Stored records
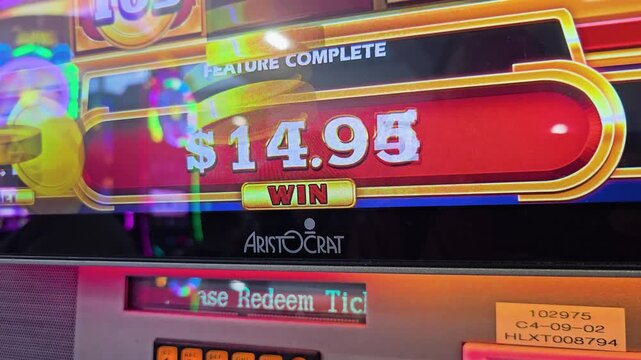 Close-up of slot game win screen with large credit count, gold framed display, confetti graphics, and saturated casino colors for jackpot, prize, and gaming entertainment videos.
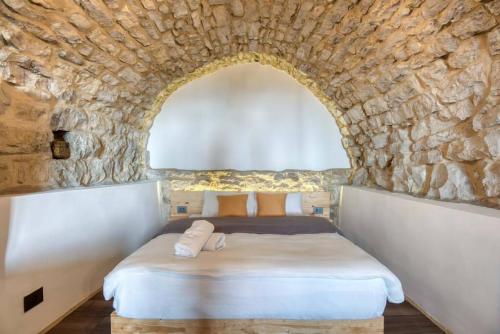 a bedroom with a bed in a stone wall at La Kava 1-BR Apt with Terrace in Ain Aar in Al ‘Aţshānah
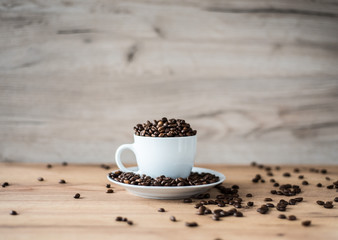 coffee cup filled by coffee beans on wooden background
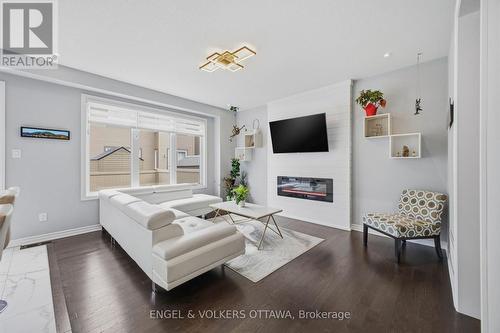 139 Switch Grass Crescent, Ottawa, ON - Indoor Photo Showing Living Room With Fireplace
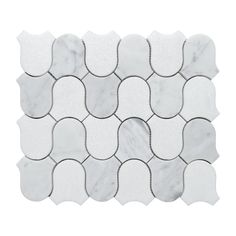 a white marble mosaic tile with wavy shapes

▶ What you have to do: The required output is each line above restated verbatim, with all images omitted.

▶ Exercise result:
 Close-up of slot game win screen with large credit count, gold framed display, confetti graphics, and saturated casino colors for jackpot, prize, and gaming entertainment videos.
 a bedroom with a bed in a stone wall at La Kava 1-BR Apt with Terrace in Ain Aar in Al ‘Aţshānah
 coffee cup filled by coffee beans on wooden background
 139 Switch Grass Crescent, Ottawa, ON - Indoor Photo Showing Living Room With Fireplace
 a white marble mosaic tile with wavy shapes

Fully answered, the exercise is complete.